I still have total recall of walking into the hall for my own 0-levels during the hot summer of 1976, and the spectre of my candidate number card (which I still have) placed precisely on the desk. I remember, too, my mounting panic: I hadn’t done any revision for French and it was too late.

Yet the first stint as invigilator in my probationary teaching year gave me an intense feeling of power and freedom. At 23, I had finally dispensed with the annual exam ritual forever, or so I believed. Eighteen years on, I am dealing with the administrative side of the process by choice. In the few months since I took up the post, I have grappled with new computer software, redesigned the office and thrown out 10 years’ worth of defunct official stationery.

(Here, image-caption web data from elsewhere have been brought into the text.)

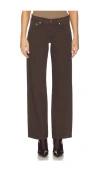 Rag & Bone Charlie Super High Waist Crop Barrel Corduroy Jeans In Brown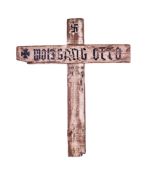 WWII SECOND WORLD WAR GERMAN MAKESHIFT GRAVE MARKER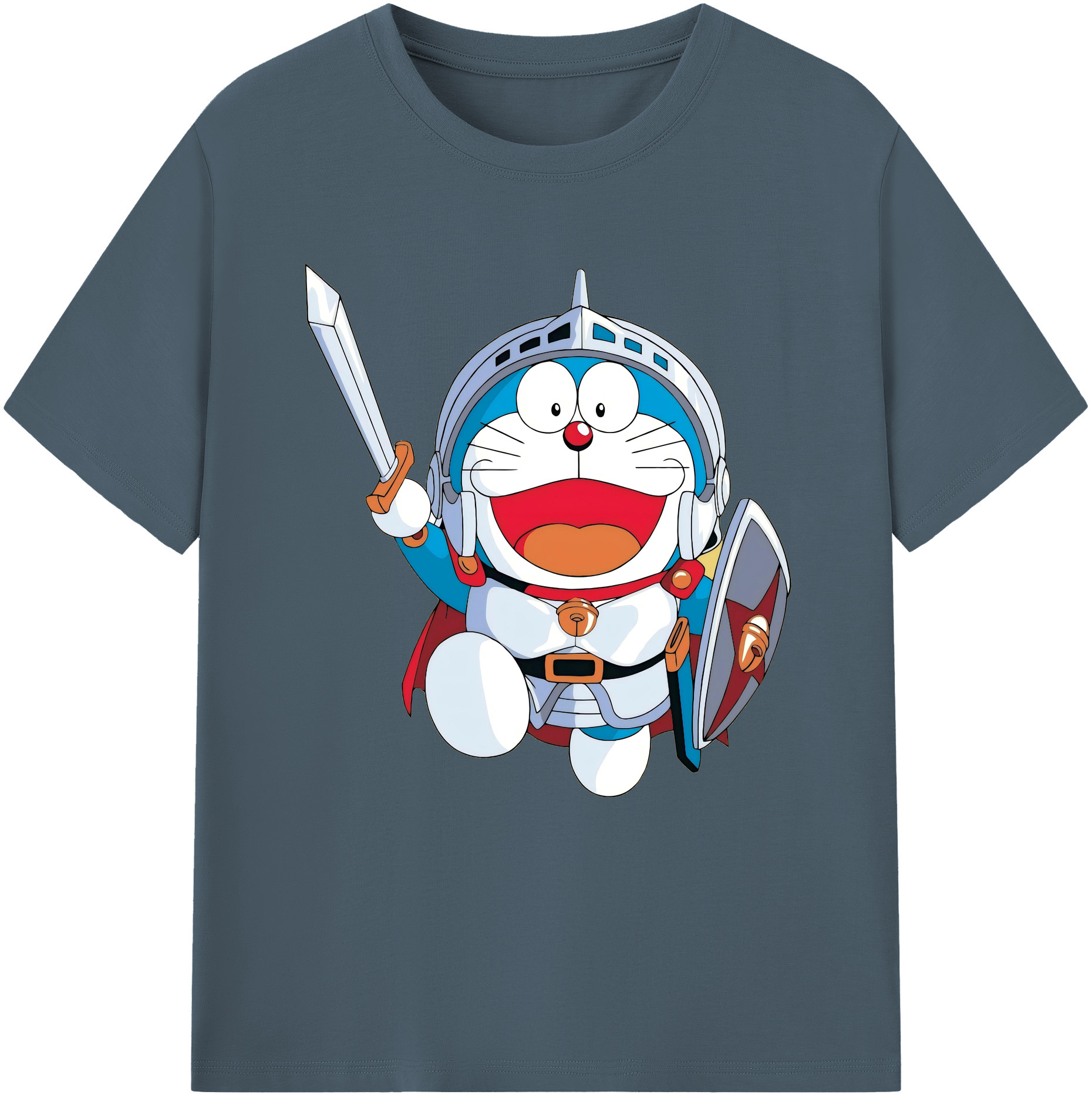 （画像用） ドラえもん Doraemon 綿100％半袖Tシャツ（フロントプリント）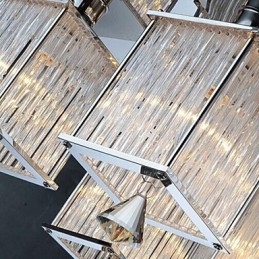 Nowoczesny współczesny kryształowy chromowany metalowy uchwyt ścienny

But these are all minor triumphs compared to the hours I spend attempting to get through to the exam boards. My lunch hours pass in a haze as I’m lulled to sleep by the monotonous engaged tone on my phone in the vain hope that someone will eventually deal with my queries. Not only do I wait to get through, but my requests are then often ignored and I find myself photocopying enlarged papers for candidates with special needs 15 minutes before a public exam.

But what really takes up the time, apart from the walking to and from the sports hall and the monotonous pacing up and down the aisles doing buttock clenches and pelvic floor strengtheners, is the “special consideration” requests. What is the matter with everyone? Why do pupils have to make excuses for their performances even before they’ve sat down and read the paper?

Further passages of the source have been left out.